Pflicht zur Prognose
Was bis dannzumal geschieht, genau dem widmete sich der Finanzexperte in seiner Rede. Dabei warnte er, dass er auf diese lange Sicht mit seinen Prognosen naturgemäss weit daneben liegen könnte. Für eine Branche, die Pensionskassen-Gelder verwalte, sei es jedoch Pflicht, sich Gedanken über die ferne Zukunft zu machen.
Die zehn Trends, die Taraporevala bis 2029 erkannte und detailreich ausführte (siehe Video unten), sind dabei so gewagt, wie sie nachdenklich stimmen.
- Tiefe Zinsen für immer: Die Inflation können Investoren getrost vergessen.
- Mensch und Maschine arbeiten Hand in Hand: Die Digitalisierung wird jeden Aspekt des Fondsgeschäfts durchdringen.
- Asiatischer Aufstieg: 2029 wird das weltgrösste Fondshaus aus China stammen.

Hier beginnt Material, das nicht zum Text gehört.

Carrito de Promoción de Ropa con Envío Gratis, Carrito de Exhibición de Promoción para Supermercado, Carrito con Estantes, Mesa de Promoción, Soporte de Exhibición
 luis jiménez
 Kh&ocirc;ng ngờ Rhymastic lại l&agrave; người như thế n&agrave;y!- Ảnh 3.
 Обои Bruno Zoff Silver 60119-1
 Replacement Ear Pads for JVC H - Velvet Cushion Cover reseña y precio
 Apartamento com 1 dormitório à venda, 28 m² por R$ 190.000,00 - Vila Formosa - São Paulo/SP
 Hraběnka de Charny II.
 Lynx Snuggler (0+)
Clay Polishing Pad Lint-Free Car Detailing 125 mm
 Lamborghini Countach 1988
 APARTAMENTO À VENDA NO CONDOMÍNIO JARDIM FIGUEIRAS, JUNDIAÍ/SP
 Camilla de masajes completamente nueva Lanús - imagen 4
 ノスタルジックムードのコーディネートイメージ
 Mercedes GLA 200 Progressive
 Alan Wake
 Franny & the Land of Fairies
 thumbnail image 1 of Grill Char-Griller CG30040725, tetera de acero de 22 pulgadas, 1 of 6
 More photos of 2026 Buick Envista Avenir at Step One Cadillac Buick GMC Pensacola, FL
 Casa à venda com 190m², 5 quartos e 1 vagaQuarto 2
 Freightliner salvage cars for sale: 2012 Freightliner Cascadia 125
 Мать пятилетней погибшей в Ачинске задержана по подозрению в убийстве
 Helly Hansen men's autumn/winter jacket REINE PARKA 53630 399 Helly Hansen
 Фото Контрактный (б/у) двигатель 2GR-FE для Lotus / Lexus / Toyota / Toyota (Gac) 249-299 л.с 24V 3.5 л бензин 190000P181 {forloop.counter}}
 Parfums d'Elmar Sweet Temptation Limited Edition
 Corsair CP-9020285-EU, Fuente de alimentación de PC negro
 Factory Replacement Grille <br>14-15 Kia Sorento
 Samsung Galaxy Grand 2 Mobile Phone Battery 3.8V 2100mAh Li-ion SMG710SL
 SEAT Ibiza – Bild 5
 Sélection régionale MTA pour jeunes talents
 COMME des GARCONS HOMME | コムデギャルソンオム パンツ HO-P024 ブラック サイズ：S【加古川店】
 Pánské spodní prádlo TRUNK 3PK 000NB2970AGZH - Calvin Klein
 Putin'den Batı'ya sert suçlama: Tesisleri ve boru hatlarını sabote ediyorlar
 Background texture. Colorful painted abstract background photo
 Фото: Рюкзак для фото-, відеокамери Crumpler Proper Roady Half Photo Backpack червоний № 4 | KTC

- Alles dreht sich um den Ruhestand: Während sich in der Vorsorge fast alle Angebote auf Berufstätige konzentrieren, müsse die Fondsbranchen angesichts von Lebensspannen von 120 Jahren neue Produkte für Rentner entwickeln.
- Beta siegt: Indexfonds finden eine noch grössere Anhängerschaft.
- Nachhaltigkeit wird zum Mainstream: Nachhaltigkeits-Ratings werden am Finanzmarkt so wichtig, wie es die Schuldner-Bonität heute ist.
- Geduld lohnt sich: Firmen mit langfristiger Strategie werden am Finanzmarkt mit einer Prämie belohnt.
- Privatmarkt-Anlagen werden demokratisiert: Dies, nachdem sich in den letzten 20 Jahren allein in den USA die Zahl der börsenkotierten Firmen halbiert hat.
- Jedem das seine: Produkte und Portefeuilles werden aufs Individuum angepasst.
- Klimawandel als Joker: Er kann den Investoren alles vermiesen, sie aber auch reich machen.